While the book is mainly about Lem and his dealings with this ethical assassin, Liss manages to incorporate a number of interesting themes in the novel. Crooked cops, backwater crime and the typical bullies aside, the reasons behind the crime behind the crime (the murders) are all tied in some way to animal rights, and Liss is very adept at weaving the socio-political philosophy into the story in an interesting and not remotely pedantic way. All in all I really enjoyed this book, as I have been with many of the more serious (read, non-chicklit) books I’ve been plugging through.
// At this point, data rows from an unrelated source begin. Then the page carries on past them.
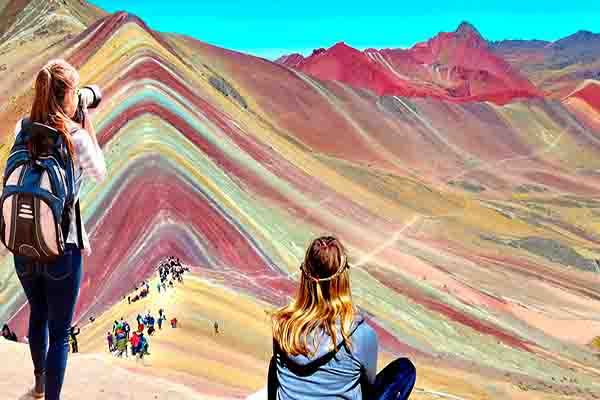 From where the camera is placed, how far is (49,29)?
51.3m

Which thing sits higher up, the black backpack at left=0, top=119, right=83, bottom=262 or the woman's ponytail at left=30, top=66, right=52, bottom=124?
the woman's ponytail at left=30, top=66, right=52, bottom=124

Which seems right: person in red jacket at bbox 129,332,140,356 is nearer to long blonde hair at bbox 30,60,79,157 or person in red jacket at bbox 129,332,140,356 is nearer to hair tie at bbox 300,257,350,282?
long blonde hair at bbox 30,60,79,157

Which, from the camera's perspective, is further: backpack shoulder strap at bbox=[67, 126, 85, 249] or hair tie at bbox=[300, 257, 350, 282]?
backpack shoulder strap at bbox=[67, 126, 85, 249]

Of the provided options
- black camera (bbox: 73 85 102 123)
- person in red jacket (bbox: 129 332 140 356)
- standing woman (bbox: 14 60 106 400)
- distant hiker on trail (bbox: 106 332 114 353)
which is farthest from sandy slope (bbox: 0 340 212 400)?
distant hiker on trail (bbox: 106 332 114 353)

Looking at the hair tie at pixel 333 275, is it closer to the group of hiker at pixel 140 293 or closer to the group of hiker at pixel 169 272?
the group of hiker at pixel 140 293

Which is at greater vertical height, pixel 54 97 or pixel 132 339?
pixel 54 97

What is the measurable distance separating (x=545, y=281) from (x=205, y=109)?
18.7 m

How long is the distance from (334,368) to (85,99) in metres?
2.25

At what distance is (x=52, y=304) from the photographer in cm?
407

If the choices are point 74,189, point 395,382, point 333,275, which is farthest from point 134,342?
point 333,275

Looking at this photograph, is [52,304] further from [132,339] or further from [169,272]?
[169,272]

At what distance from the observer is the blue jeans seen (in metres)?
3.95

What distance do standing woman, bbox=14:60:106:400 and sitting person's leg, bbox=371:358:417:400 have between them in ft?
6.31

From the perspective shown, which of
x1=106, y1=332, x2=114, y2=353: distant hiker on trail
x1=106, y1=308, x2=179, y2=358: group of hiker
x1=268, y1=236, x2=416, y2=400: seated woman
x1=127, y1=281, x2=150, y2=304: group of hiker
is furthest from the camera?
x1=127, y1=281, x2=150, y2=304: group of hiker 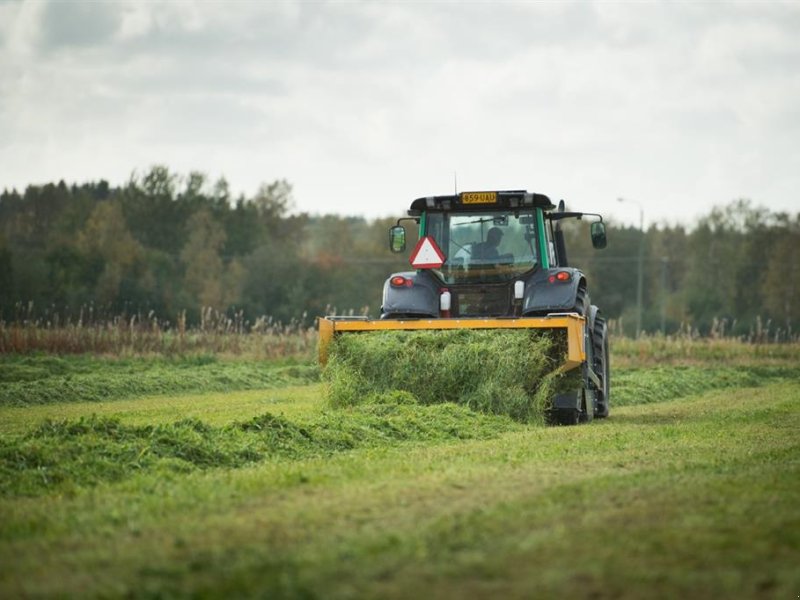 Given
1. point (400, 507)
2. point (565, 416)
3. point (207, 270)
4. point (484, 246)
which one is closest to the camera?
point (400, 507)

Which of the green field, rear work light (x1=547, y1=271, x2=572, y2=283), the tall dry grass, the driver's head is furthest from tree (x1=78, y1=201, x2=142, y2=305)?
the green field

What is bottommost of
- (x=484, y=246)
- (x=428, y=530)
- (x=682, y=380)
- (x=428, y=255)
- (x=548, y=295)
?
(x=682, y=380)

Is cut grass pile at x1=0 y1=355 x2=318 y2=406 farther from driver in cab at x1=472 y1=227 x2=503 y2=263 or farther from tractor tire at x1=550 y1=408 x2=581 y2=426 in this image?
tractor tire at x1=550 y1=408 x2=581 y2=426

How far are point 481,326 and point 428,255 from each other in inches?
57.8

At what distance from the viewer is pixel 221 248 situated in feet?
201

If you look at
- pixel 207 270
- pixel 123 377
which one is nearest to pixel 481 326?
pixel 123 377

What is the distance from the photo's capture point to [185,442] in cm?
966

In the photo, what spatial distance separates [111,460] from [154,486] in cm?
106

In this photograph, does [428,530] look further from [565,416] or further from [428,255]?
[428,255]

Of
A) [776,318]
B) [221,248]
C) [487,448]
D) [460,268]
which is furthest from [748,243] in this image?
[487,448]

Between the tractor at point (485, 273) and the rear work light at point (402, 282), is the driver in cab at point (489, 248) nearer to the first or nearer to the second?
the tractor at point (485, 273)

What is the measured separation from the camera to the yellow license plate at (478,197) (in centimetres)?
1511

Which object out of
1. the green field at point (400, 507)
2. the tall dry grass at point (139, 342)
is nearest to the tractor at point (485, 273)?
the green field at point (400, 507)

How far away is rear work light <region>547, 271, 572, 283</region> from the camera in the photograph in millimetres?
14492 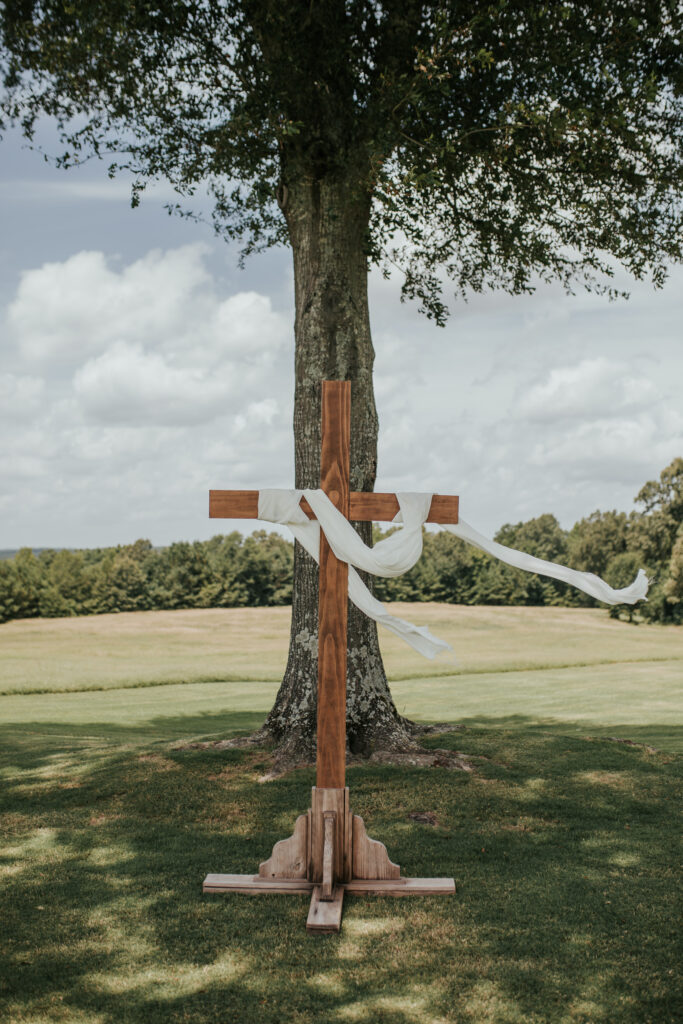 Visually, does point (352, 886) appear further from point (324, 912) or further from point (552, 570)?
point (552, 570)

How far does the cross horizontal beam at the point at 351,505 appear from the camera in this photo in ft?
21.0

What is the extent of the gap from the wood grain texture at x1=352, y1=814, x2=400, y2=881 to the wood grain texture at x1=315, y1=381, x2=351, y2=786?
18 cm

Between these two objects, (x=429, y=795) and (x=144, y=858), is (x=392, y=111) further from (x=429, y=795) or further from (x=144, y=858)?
(x=144, y=858)

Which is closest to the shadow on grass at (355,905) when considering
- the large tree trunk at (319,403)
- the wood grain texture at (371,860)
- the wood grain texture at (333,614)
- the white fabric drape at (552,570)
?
the wood grain texture at (371,860)

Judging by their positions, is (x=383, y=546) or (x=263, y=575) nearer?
(x=383, y=546)

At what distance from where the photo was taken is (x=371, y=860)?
628 cm

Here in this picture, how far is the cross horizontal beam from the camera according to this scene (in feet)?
21.0

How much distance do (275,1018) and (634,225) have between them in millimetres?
12351

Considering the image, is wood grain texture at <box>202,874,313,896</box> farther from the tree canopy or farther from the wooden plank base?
the tree canopy

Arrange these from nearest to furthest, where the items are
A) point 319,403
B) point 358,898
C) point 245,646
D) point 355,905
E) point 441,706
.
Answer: point 355,905
point 358,898
point 319,403
point 441,706
point 245,646

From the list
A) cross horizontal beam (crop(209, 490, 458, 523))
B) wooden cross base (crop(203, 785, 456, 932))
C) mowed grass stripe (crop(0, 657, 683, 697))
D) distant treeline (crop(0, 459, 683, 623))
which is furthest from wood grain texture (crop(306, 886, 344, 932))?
distant treeline (crop(0, 459, 683, 623))

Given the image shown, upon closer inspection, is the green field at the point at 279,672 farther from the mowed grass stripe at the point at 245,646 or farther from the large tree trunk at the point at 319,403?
the large tree trunk at the point at 319,403

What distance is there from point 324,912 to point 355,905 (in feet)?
1.21

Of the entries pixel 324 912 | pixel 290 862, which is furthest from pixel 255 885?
pixel 324 912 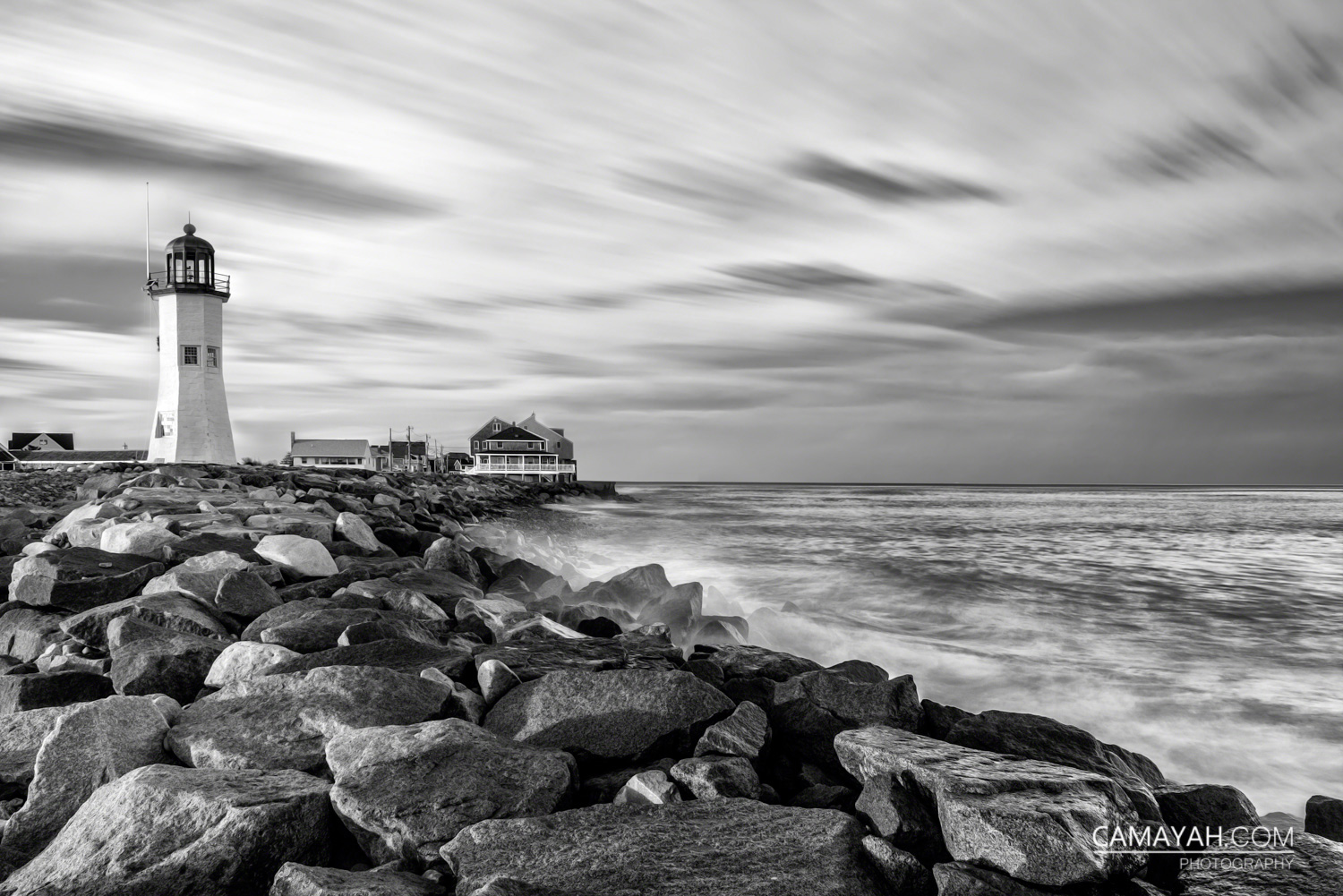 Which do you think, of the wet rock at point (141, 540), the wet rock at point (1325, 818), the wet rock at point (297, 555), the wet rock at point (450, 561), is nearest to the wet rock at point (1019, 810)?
the wet rock at point (1325, 818)

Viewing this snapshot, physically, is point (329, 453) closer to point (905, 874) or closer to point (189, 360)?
point (189, 360)

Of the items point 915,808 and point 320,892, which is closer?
point 320,892

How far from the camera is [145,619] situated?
4.84 m

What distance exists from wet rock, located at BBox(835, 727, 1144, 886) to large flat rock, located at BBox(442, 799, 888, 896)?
0.30 meters

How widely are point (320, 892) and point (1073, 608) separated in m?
11.9

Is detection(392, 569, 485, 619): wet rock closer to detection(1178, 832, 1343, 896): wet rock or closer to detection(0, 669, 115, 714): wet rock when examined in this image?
detection(0, 669, 115, 714): wet rock

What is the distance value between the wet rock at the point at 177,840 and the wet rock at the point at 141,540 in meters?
5.02

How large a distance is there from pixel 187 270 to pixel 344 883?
28242 mm

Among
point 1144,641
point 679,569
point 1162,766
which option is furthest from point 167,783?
point 679,569

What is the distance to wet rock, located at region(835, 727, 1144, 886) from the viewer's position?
97.7 inches

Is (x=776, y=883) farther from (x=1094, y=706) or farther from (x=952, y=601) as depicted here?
(x=952, y=601)

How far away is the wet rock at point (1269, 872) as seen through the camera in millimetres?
2574

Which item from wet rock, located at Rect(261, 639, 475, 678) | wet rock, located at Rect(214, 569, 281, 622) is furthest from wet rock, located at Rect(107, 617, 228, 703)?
wet rock, located at Rect(214, 569, 281, 622)

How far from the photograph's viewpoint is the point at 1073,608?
11945mm
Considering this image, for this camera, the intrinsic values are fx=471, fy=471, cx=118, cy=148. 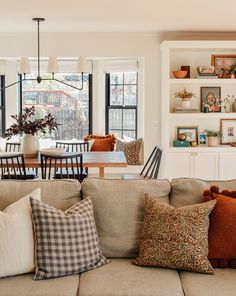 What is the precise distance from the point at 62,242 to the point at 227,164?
177 inches

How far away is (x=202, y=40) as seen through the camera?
22.0 ft

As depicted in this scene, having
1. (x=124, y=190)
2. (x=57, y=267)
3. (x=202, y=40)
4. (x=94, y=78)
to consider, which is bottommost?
(x=57, y=267)

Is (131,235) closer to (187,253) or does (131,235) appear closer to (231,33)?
(187,253)

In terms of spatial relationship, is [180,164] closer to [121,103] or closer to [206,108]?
[206,108]

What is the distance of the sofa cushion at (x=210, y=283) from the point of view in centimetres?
243

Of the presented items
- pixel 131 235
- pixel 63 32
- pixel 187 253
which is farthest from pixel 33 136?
pixel 187 253

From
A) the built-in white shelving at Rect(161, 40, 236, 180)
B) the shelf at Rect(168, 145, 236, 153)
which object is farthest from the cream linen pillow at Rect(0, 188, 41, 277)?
the shelf at Rect(168, 145, 236, 153)

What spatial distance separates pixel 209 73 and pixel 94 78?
189 centimetres

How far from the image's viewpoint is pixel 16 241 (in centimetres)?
261

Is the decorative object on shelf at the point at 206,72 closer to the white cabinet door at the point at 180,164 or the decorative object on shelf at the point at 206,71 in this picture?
the decorative object on shelf at the point at 206,71

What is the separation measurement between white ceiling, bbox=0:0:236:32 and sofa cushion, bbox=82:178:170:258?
2513 mm

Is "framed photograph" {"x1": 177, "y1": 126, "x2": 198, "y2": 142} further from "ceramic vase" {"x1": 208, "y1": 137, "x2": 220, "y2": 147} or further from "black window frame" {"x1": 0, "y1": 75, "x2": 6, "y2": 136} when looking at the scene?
"black window frame" {"x1": 0, "y1": 75, "x2": 6, "y2": 136}

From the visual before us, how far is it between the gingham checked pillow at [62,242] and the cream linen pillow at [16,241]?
0.14ft

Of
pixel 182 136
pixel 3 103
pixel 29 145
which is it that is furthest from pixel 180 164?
pixel 3 103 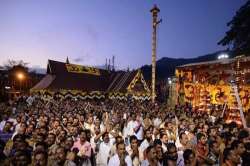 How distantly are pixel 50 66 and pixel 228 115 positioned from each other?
21737mm

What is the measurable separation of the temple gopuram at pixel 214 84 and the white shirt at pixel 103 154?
8.90m

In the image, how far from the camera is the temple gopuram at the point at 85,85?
30.5 m

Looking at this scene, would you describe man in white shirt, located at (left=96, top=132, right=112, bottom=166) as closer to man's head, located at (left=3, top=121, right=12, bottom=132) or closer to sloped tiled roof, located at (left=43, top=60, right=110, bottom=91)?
man's head, located at (left=3, top=121, right=12, bottom=132)

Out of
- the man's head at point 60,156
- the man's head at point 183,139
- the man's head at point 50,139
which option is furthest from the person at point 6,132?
the man's head at point 183,139

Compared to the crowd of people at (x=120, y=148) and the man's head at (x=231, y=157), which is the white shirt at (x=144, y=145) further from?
the man's head at (x=231, y=157)

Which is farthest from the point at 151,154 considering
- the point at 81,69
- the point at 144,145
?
the point at 81,69

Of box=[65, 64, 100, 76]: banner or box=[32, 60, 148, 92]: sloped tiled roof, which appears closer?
box=[32, 60, 148, 92]: sloped tiled roof

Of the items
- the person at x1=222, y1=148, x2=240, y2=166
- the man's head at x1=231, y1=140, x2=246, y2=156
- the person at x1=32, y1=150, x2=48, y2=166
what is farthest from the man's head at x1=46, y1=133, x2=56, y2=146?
the man's head at x1=231, y1=140, x2=246, y2=156

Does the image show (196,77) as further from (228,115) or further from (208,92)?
(228,115)

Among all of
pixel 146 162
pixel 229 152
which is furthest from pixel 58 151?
pixel 229 152

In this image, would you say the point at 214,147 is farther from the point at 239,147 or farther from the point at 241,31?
the point at 241,31

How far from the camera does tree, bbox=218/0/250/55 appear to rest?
16.3m

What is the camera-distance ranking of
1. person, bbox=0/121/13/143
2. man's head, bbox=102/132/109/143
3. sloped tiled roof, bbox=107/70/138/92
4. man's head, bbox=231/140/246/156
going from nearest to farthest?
1. man's head, bbox=231/140/246/156
2. man's head, bbox=102/132/109/143
3. person, bbox=0/121/13/143
4. sloped tiled roof, bbox=107/70/138/92

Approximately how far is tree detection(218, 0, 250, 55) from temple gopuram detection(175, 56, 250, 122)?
209 cm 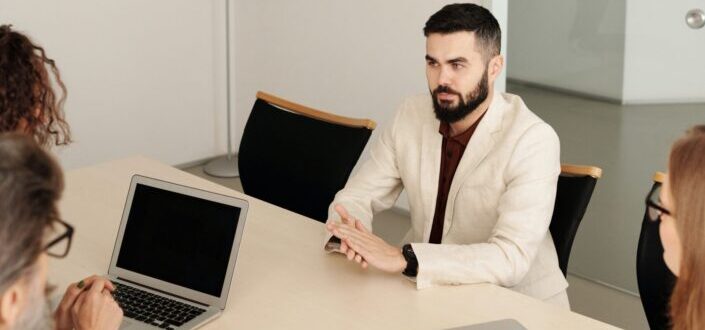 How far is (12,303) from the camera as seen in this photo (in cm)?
133

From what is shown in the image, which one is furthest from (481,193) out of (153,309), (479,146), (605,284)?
(605,284)

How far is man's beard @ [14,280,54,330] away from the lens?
4.50ft

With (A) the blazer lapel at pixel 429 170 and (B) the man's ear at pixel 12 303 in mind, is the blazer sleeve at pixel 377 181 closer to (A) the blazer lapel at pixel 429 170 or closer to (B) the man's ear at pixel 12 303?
(A) the blazer lapel at pixel 429 170

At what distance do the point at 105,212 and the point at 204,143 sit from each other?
9.73ft

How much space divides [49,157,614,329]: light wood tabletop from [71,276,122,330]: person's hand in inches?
9.2

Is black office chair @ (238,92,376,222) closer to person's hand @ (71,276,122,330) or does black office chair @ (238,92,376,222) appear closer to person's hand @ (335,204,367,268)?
person's hand @ (335,204,367,268)

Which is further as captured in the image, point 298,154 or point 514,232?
point 298,154

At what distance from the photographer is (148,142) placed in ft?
17.8

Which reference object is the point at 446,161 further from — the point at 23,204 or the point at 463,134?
the point at 23,204

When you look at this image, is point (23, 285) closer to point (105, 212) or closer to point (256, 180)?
point (105, 212)

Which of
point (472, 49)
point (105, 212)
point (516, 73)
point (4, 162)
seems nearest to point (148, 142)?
point (516, 73)

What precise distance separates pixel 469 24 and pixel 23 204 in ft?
5.46

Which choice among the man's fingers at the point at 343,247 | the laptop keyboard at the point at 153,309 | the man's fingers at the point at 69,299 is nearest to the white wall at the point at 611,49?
the man's fingers at the point at 343,247

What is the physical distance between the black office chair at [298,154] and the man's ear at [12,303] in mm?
1857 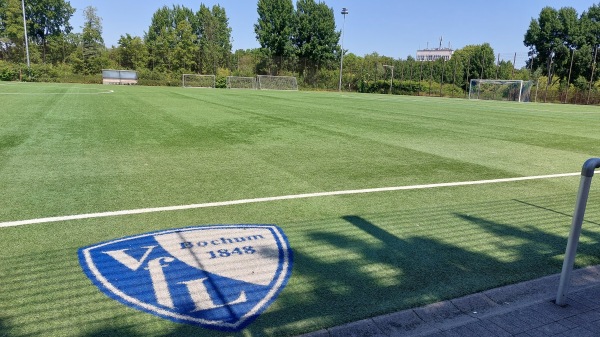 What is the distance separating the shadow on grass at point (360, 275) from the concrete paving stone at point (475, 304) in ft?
0.33

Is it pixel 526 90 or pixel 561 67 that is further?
pixel 561 67

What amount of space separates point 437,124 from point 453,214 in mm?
11039

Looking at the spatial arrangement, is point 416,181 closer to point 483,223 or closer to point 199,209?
point 483,223

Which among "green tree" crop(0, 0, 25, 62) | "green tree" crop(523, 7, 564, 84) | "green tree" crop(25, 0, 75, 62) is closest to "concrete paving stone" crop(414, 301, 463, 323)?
"green tree" crop(523, 7, 564, 84)

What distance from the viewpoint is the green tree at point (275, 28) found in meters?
67.6

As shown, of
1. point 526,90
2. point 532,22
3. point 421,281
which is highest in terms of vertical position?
point 532,22

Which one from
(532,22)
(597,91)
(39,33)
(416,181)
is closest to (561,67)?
(532,22)

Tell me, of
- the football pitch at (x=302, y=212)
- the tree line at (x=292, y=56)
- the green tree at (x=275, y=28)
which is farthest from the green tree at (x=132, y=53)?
the football pitch at (x=302, y=212)

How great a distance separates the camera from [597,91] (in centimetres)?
4372

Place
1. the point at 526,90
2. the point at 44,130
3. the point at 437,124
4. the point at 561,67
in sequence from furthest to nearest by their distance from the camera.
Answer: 1. the point at 561,67
2. the point at 526,90
3. the point at 437,124
4. the point at 44,130

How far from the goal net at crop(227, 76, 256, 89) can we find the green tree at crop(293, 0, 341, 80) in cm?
1231

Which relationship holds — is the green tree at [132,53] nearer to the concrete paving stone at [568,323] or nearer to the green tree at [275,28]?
the green tree at [275,28]

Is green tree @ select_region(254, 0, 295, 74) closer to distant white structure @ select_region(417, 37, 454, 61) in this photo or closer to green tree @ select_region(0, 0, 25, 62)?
green tree @ select_region(0, 0, 25, 62)

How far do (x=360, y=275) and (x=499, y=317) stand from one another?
1097 millimetres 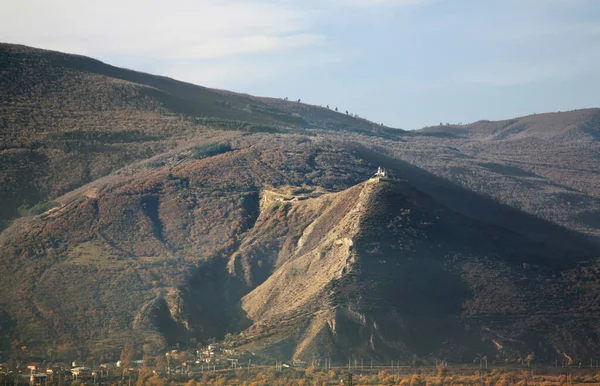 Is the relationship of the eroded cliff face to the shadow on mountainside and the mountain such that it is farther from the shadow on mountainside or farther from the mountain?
the shadow on mountainside

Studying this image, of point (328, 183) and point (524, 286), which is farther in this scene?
point (328, 183)

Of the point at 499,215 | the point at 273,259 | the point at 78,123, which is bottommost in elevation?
the point at 273,259

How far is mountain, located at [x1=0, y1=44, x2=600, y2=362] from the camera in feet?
289

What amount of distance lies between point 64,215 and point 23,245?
8231 millimetres

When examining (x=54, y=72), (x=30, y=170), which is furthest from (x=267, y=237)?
(x=54, y=72)

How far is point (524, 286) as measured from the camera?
9325 cm

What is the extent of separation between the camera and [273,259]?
10462 centimetres

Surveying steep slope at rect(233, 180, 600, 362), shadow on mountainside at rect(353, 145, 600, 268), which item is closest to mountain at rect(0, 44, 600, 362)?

I’m back on the Book A Day track now. And seeing as I’m spending the better part of the next three days at various different doctors’s appointments (super-fancy disease doctor, family doctor, eye doctor, naturopath), hopefully I’ll be able to get a lot of reading done.

Crash

I have crashed. Completely. I’m so tired and achy and feeling so gross that I can barely stand up. I’m trying to finish my Book A Day challenge for today, but I might have to get started again tomorrow. I’m am not looking forward to seeing the doctor tomorrow. Not one bit.

I Saw The Signs

Yesterday was a crackerjack day in the city. I’m guessing the spring forward time shift might have affected people in a strange way, including myself. Having been totally exhausted from the film shoot on Saturday, I got up kind of off kilter, far too early (5 AM, cat wanted out), and then switched the clocks. Then I got ready to go see my Movie of the Day (#6), Thank You For Smoking, with some friends.

As I get on to the streetcar, some half-cracked woman was there wearing way too much makeup and oddly mismatched clothing was ahead of me. She refused to move inside the car and stood there beside the driver. I had to slide around her to drop my ticket in, only I’m carrying a book and a knapsack, so of course, I drop the book and one of the zipper-thingys on my pocket breaks so I’m all discombobulated.

I hear the driver say, “Miss, you need an extra ten cents,” but I don’t assume he’s talking to me because there’s a crazy lady standing right there. But then the crazy lady says, “You need to put in ten cents.” Even she gets it. I don’t. They changed the fares and I need an extra ten cents with my ticket. Ohhhhh. Okay.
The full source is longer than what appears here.